**Task to complete:** Find the line containing "पुलिस ने अभिभावकों" in the entries below. Restate it and each line after it, word for word, up to and including the line containing "#FirozabadNews #FirozabadPolice #TrafficPolice".

**Data records:**
● ● ● ● ● ● ●
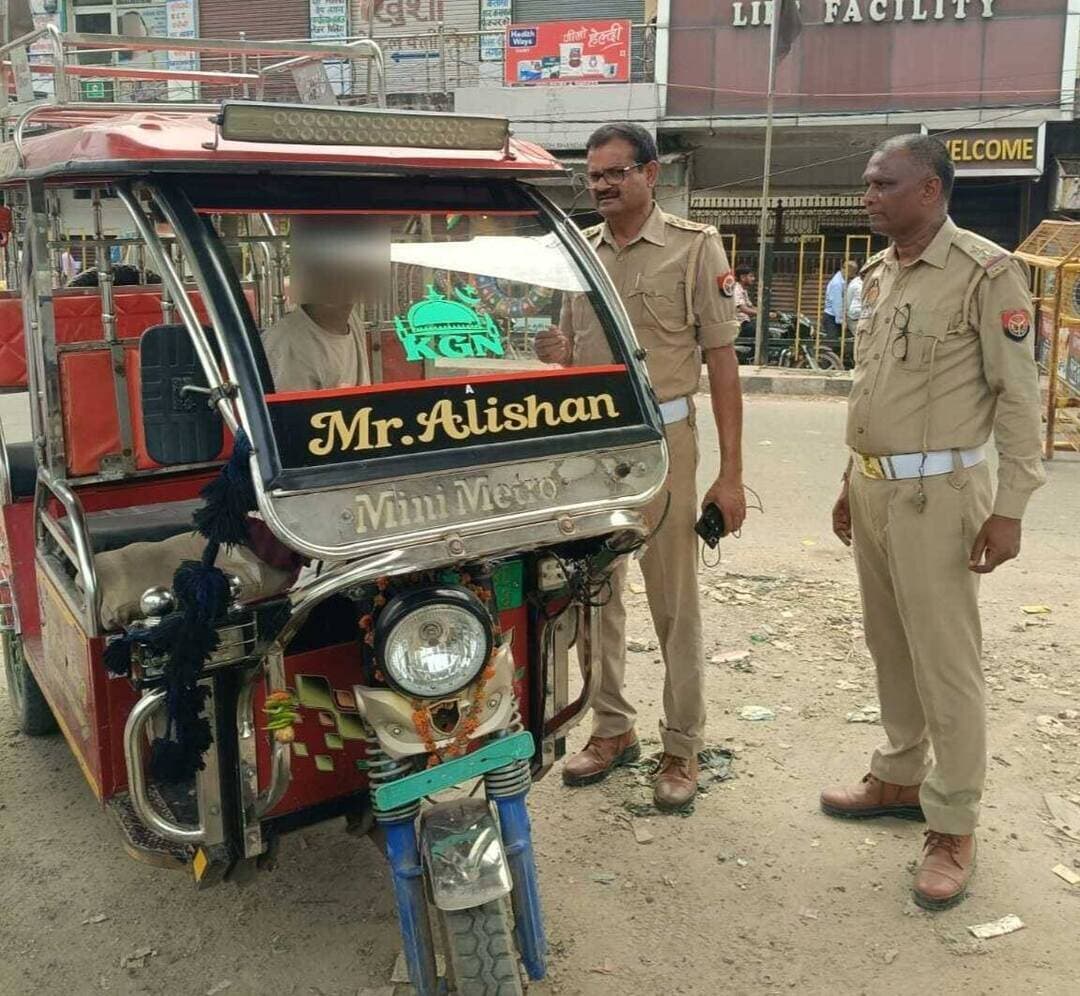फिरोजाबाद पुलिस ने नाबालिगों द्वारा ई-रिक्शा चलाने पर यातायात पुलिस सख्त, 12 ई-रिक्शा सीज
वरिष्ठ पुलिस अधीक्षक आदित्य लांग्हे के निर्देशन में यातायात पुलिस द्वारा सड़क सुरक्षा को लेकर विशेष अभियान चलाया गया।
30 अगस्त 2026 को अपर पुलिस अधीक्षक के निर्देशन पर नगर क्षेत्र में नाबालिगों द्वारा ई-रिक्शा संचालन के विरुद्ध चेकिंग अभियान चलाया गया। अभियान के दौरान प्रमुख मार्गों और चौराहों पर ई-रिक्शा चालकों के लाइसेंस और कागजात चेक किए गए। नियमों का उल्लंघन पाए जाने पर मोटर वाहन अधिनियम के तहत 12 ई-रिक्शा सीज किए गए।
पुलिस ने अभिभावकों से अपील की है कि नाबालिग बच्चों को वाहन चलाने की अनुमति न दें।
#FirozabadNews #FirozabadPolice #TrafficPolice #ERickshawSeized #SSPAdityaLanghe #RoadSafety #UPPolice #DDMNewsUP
● ● ● ● ● ● ●
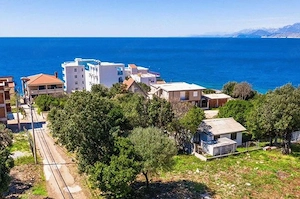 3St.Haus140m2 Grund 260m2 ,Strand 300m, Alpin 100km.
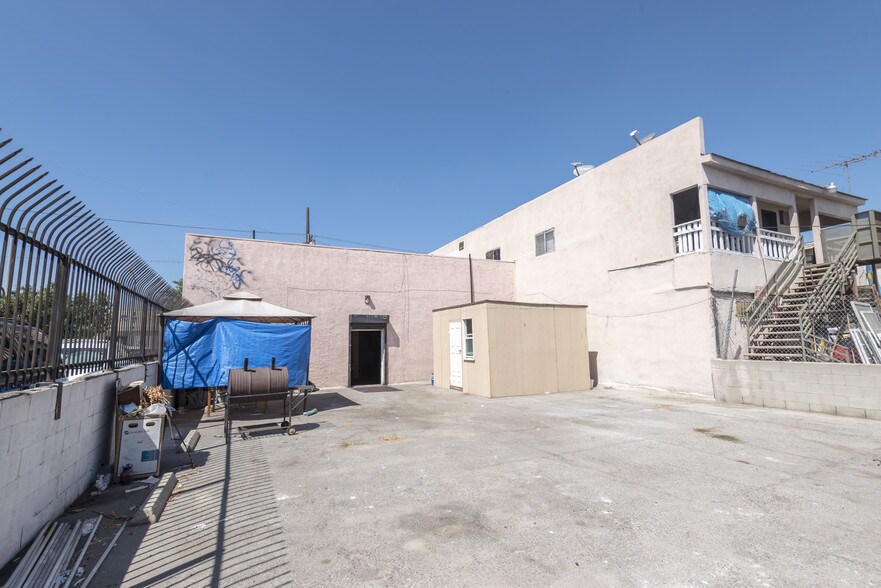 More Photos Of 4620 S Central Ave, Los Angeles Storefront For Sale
● ● ● ● ● ● ●
**Solution for this task:**
पुलिस ने अभिभावकों से अपील की है कि नाबालिग बच्चों को वाहन चलाने की अनुमति न दें।
#FirozabadNews #FirozabadPolice #TrafficPolice #ERickshawSeized #SSPAdityaLanghe #RoadSafety #UPPolice #DDMNewsUP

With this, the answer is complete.